Sajid Javid Home Office
Chris J Ratcliffe/Getty

Around 600 million European citizens will be handed “limitless” access to Britain for more than two years after Brexit if the UK leaves the bloc without a deal, the Home Secretary is claimed to have said.

The Tory Home Secretary, Sajid Javid, has reportedly told Cabinet ministers that European Union (EU) nationals will be waved through the border until September 2021 – 30 months after the UK leaves the bloc.

They will be free to live temporarily in Britain by simply showing their passport and passing a criminal check, The Times reports.
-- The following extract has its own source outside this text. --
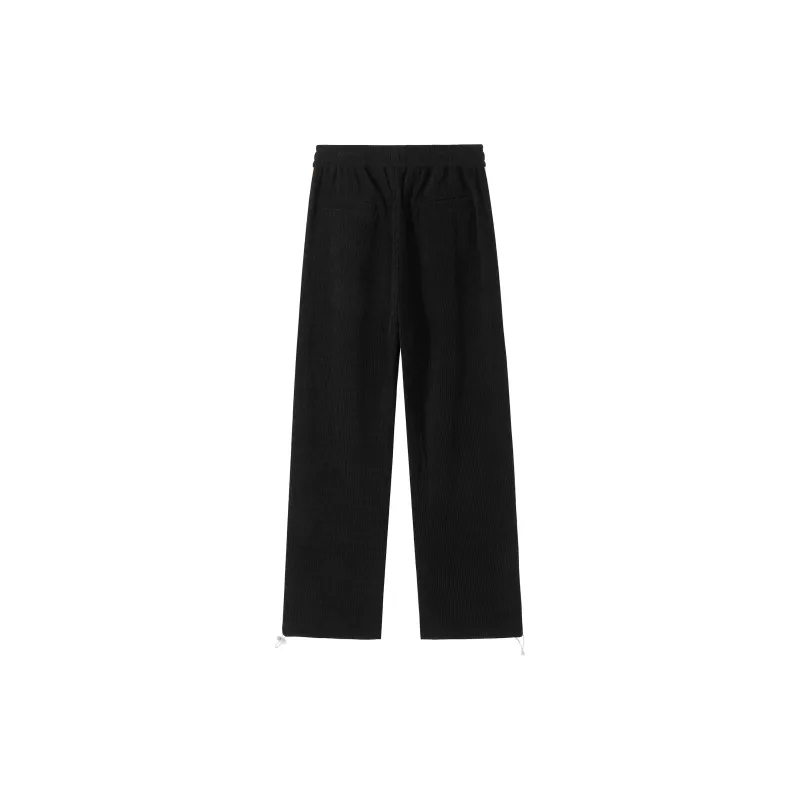 David Bakken Casual Pants Unisex Black-1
During the two years, the arrivals will be able to apply for a visa, enabling them to stay permanently.

One of the central promises of the Leave campaign was “taking back control” of borders, and the proposal is likely to cause a row in government and disappoint many voters.
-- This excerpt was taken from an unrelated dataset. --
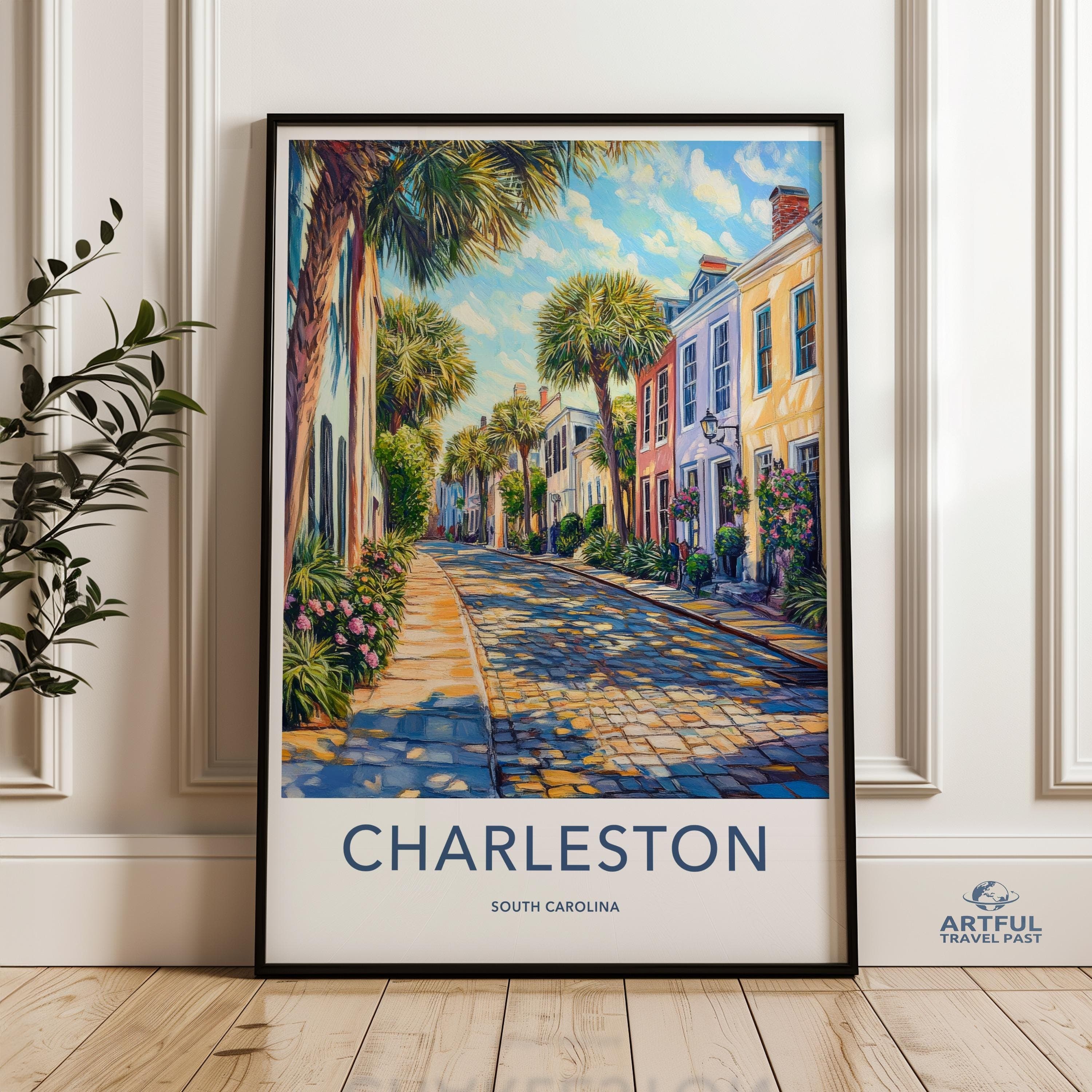 Charleston Poster - South Carolina Wall Art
The former Tory leader and Brexiteer Iain Duncan Smith slammed the open-borders extension, calling it “bizarre.”

“This shouldn’t take two years,” he said. “Having two years with nothing changed rather than a progressive tightening over that period is a cop-out. If I were Sajid I’d push back against the civil service to do this more quickly.”
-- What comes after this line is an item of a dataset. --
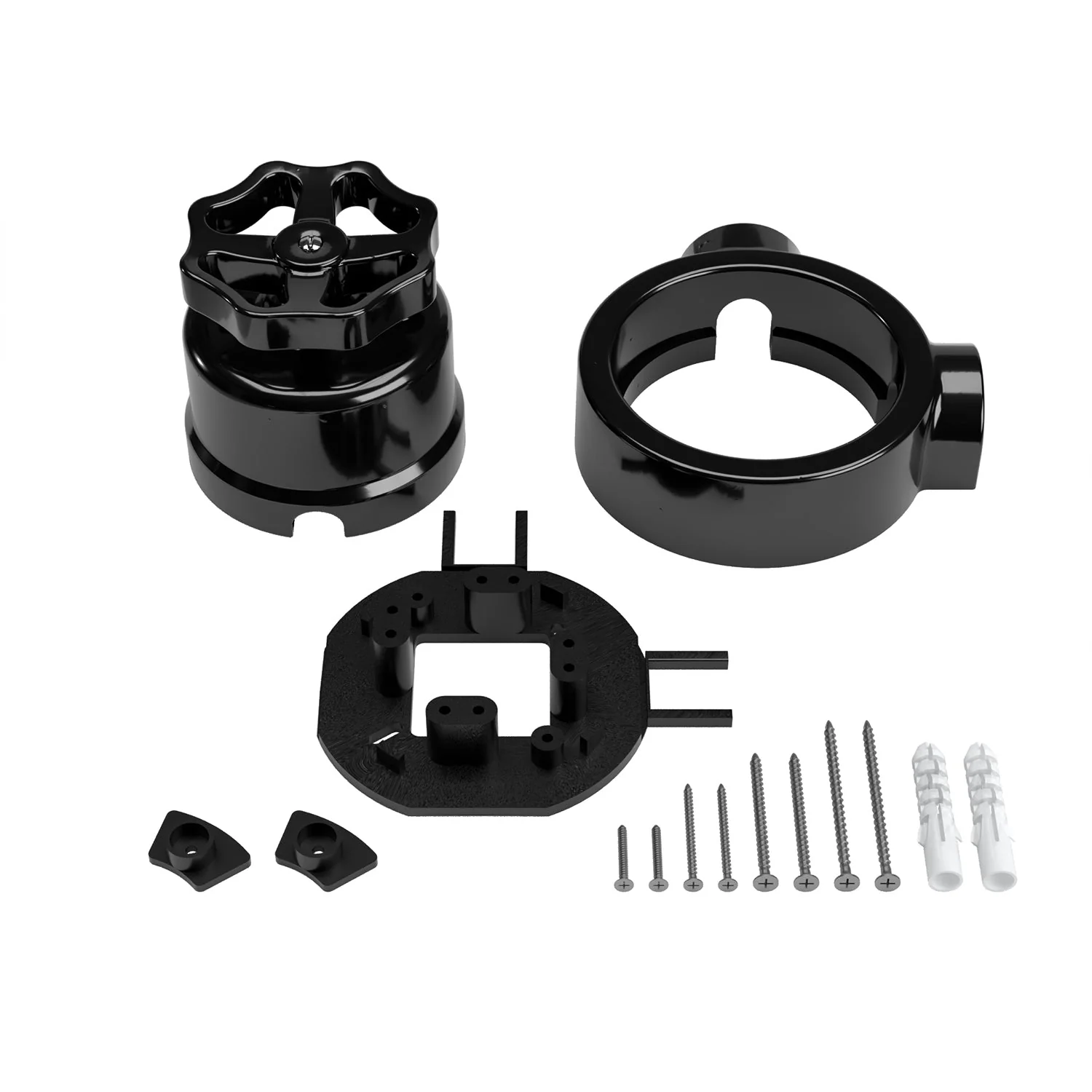 Switch/2-way switch kit with knob and base for Creative-Tubes in black porcelain - Image 36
At a crunch cabinet meeting this Monday, Mr Javid is set to outline his plan to overhaul migration after Brexit as Mrs May updates ministers on the Salzburg summit where she was “humiliated” and her ‘Chequers’ plan for Brexit rejected by EU bosses.

Last week, parliament’s independent Migration Advisory Committee recommended ending low-skilled migration after Brexit and introducing a “global” system.

The long-awaited report also recommended that the UK make it easier for high-skilled workers to migrate to Britain, advising ditching the cap which currently stands at 20,700 each year for people from outside Europe.

And in an interview last week, Mrs May signalled her plans to end preferential treatment for EU citizens.

She told BBC’s Panorama: “What I’m very clear about is the message from the British people was very simple.

“It was they didn’t want a situation where they could see people coming from the European Union having those automatic rights in terms of coming here to the United Kingdom, and a set of rules for people outside the European Union.

“What we will be doing is putting forward a set of rules for people from the European Union and people from outside the European Union.”